PARTITION_NAME COMPRESS COMPRESS_FOR
------------------------------ -------- ------------
P_123 ENABLED OLTP
P_DEFAULT ENABLED QUERY HIGH

SQL> alter table t_part add test_col3 varchar2(10) default 'BLA';

Table altered.

SQL> alter table t_part drop unused columns;
alter table t_part drop unused columns
*
ERROR at line 1:
ORA-39726: unsupported add/drop column operation on compressed tables

SQL> alter table t_part drop column username;
alter table t_part drop column username
*
ERROR at line 1:
ORA-00904: "USERNAME": invalid identifier

SQL> alter table t_part move partition p_default compress for all operations;

Table altered.

SQL> select
2 partition_name
3 , compression
4 , compress_for
5 from
6 user_tab_partitions
7 where
8 table_name = 'T_PART';

PARTITION_NAME COMPRESS COMPRESS_FOR
------------------------------ -------- ------------
P_123 ENABLED OLTP
P_DEFAULT ENABLED OLTP

SQL> alter table t_part add test_col4 varchar2(10) default 'BLA';

Table altered.

SQL>


And here is what happens if you're already hitting the 1,000 columns limit and attempt to use DROP [UNUSED] COLUMNS with HCC enabled:


SQL> alter table many_x_cols drop (col256);

Table altered.

SQL> alter table many_x_cols drop unused columns;
alter table many_x_cols drop unused columns
*
ERROR at line 1:
ORA-39726: unsupported add/drop column operation on compressed tables

SQL> alter table many_x_cols add (col256 varchar2(10));
alter table many_x_cols add (col256 varchar2(10))
*
ERROR at line 1:
ORA-01792: maximum number of columns in a table or view is 1000

SQL> alter table many_x_cols move pctfree 0 nocompress;

Table altered.

SQL> alter table many_x_cols drop unused columns;

Table altered.

SQL> alter table many_x_cols add (col256 varchar2(10));

Table altered.

SQL>


As you can see dropping columns is only supported with HCC disabled which allows in this particular case to add another column after dropping the hidden/unused one.

- Index restrictions

* You cannot compress a table or a partition of table (or exchange a compressed partition into it) if there are usable bitmap indexes defined on the table due to the different Hakan factor that is reset when using by the compression - which means that with compressed segments more rows will fit into a single block leading to a different Hakan factor used for the bitmap indexes. The bitmap indexes need to be set unused (all partitions in case of a partitioned table/index) or dropped before enabling the compression and rebuild / recreated after compressing the heap segment. This is also officially documented. It is however interesting to note that this restriction is only enforced when switching from uncompressed to compressed segments / partitions. Changing the compression for example from basic compression to HCC compression is possible without hitting this restriction but due to the different compression levels in my opinion this potentially leads again to significantly different Hakan factors - so actively resetting the Hakan Factor using "ALTER TABLE ... MINIMIZE RECORDS_PER_BLOCK" and rebuilding the bitmap indexes might be in order when moving between different compression levels.
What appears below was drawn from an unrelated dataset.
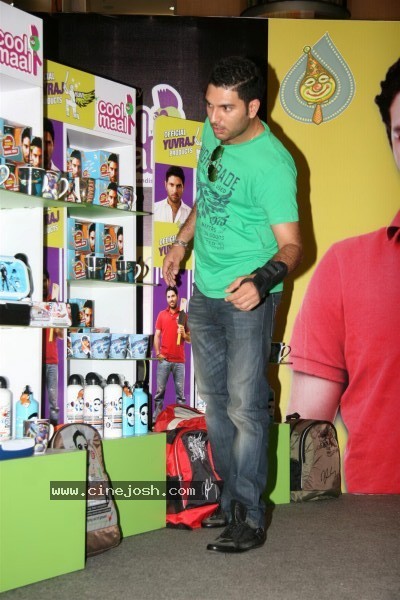 Yuvraj Singh showcasing products at the launch - 10 / 15 photos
Oracle Database 11g Enterprise Edition Release 11.2.0.1.0 - Production
With the Partitioning, OLAP, Data Mining and Real Application Testing options

SQL> alter table t_part move partition p_default nocompress;

Table altered.

SQL> alter table t_part move partition p_123 nocompress;

Table altered.

SQL> alter table t_part modify default attributes nocompress;

Table altered.

SQL> alter table t_part nocompress;

Table altered.

SQL> create bitmap index t_part_idx_bitmap on t_part (test_col) local;

Index created.

SQL> alter table t_part move partition p_default compress basic;
alter table t_part move partition p_default compress basic
*
ERROR at line 1:
ORA-14646: Specified alter table operation involving compression cannot be
performed in the presence of usable bitmap indexes

SQL> alter table t_part minimize records_per_block;
alter table t_part minimize records_per_block
*
ERROR at line 1:
ORA-28602: statement not permitted on tables containing bitmap indexes

SQL> alter index t_part_idx_bitmap modify partition p_default unusable;

Index altered.

SQL> alter table t_part move partition p_default compress basic;
alter table t_part move partition p_default compress basic
*
ERROR at line 1:
ORA-14646: Specified alter table operation involving compression cannot be
performed in the presence of usable bitmap indexes

SQL> alter table t_part minimize records_per_block;
alter table t_part minimize records_per_block
*
ERROR at line 1:
ORA-28602: statement not permitted on tables containing bitmap indexes

SQL> alter index t_part_idx_bitmap unusable;

Index altered.

SQL> alter table t_part move partition p_default compress basic;

Table altered.

SQL> alter table t_part minimize records_per_block;

Table altered.

SQL> alter index t_part_idx_bitmap rebuild partition p_default;

Index altered.

SQL> alter index t_part_idx_bitmap rebuild partition p_123;

Index altered.

SQL> alter table t_part move partition p_default nocompress update indexes;

Table altered.



As you can see switching on the compression is only allowed if all partitions of the bitmap index(es) are unusable - the opposite is not true: You can uncompress afterwards without any restrictions.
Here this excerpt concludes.